== Task input

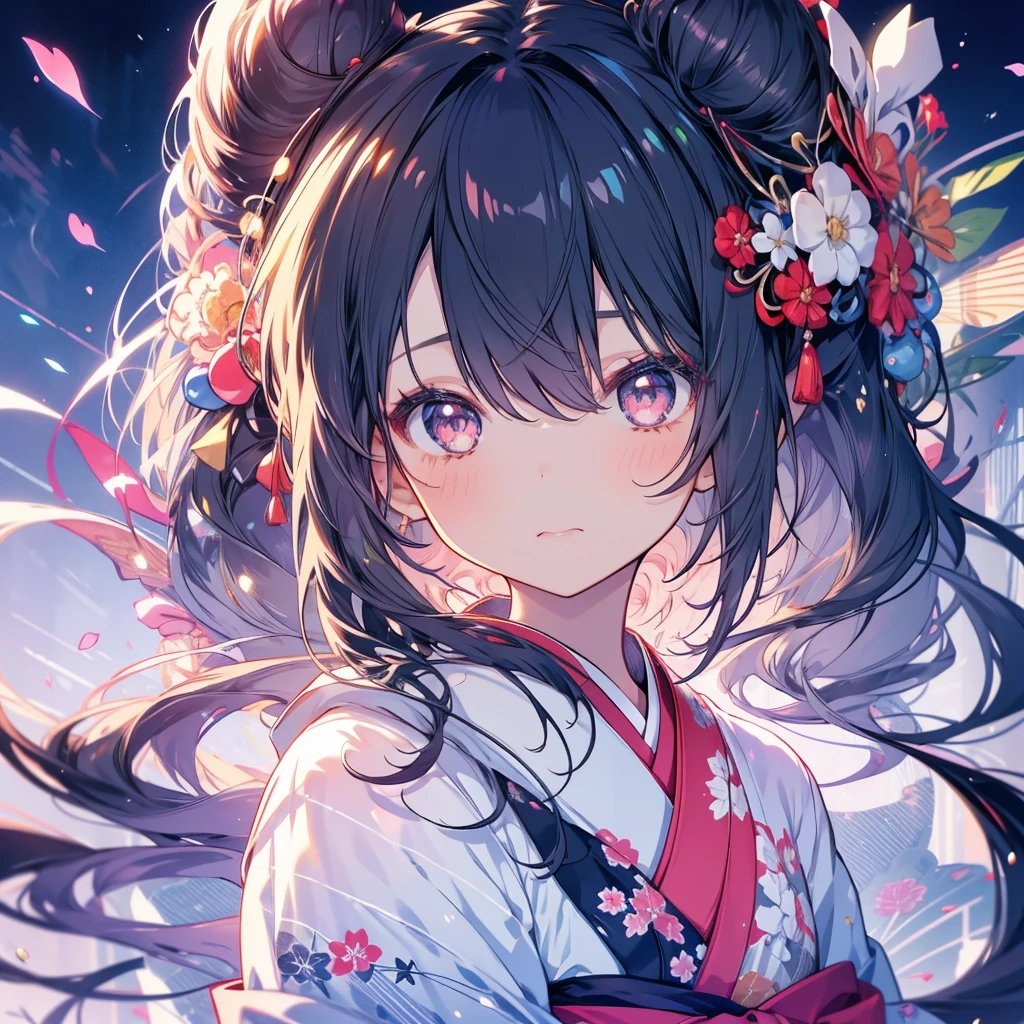 1 girl in, jpn, kimono, Have a fan, Bun, Beautiful fece, delicate, kawaii, A dark-haired, Slender eyes, ((head to waist)), Masterpiece, top-quality, An ultra-high picture quality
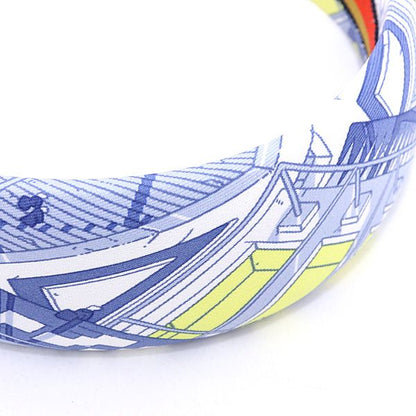 Hermes Headband Silk Twill Light Blue Series Width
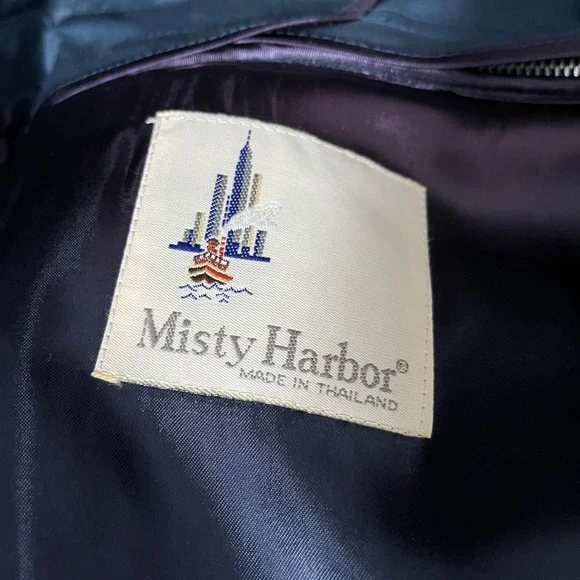 Misty Harbor Trench Coat Mens 42 Regular Blue Solid Double Breasted Belted - Picture 5 of 7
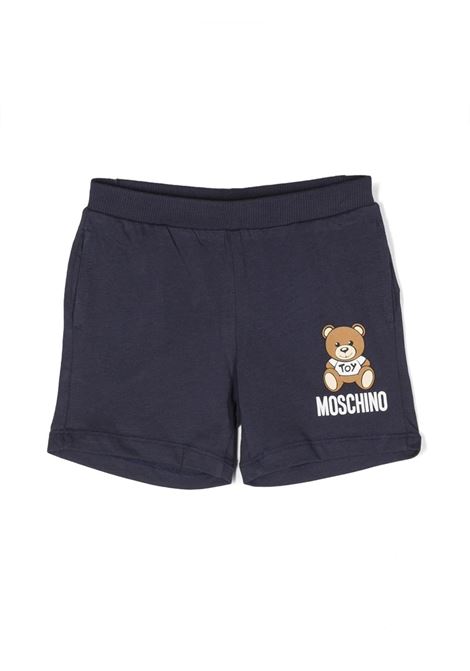 Shorts Sportivi Moschino Teddy Bear Blu Navy MOSCHINO KIDS | MUQ00VLAA0340016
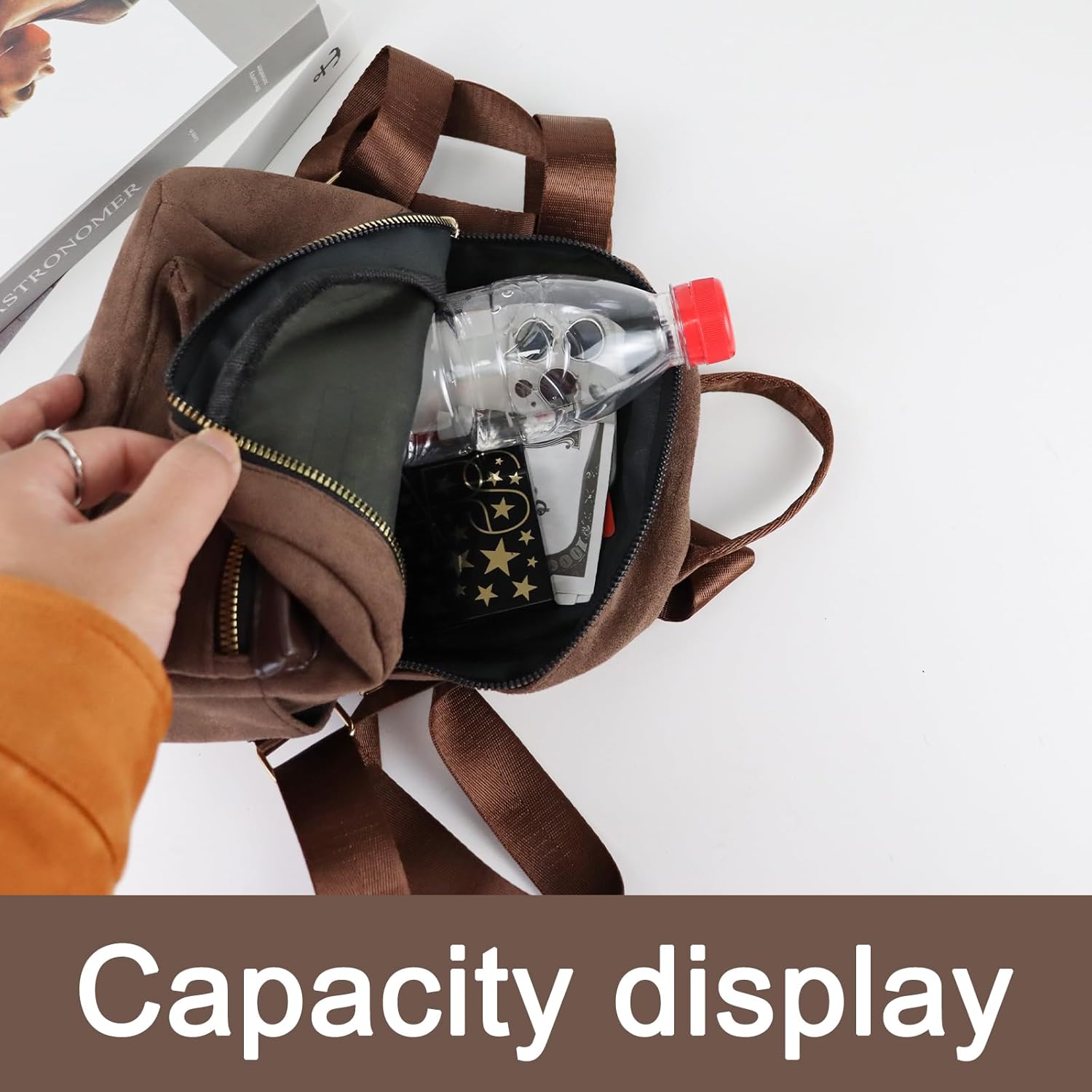 Small Backpack for Women, Suede Womens Backpack Small Backpack Purse with Handle, Small Backpacks Ladies Backpack (brown) - Image 2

====

### Try it
This calls for an exact copy of all the entries above, with the pictures omitted.

### Your solution
 1 girl in, jpn, kimono, Have a fan, Bun, Beautiful fece, delicate, kawaii, A dark-haired, Slender eyes, ((head to waist)), Masterpiece, top-quality, An ultra-high picture quality
 Hermes Headband Silk Twill Light Blue Series Width
 Misty Harbor Trench Coat Mens 42 Regular Blue Solid Double Breasted Belted - Picture 5 of 7
 Shorts Sportivi Moschino Teddy Bear Blu Navy MOSCHINO KIDS | MUQ00VLAA0340016
 Small Backpack for Women, Suede Womens Backpack Small Backpack Purse with Handle, Small Backpacks Ladies Backpack (brown) - Image 2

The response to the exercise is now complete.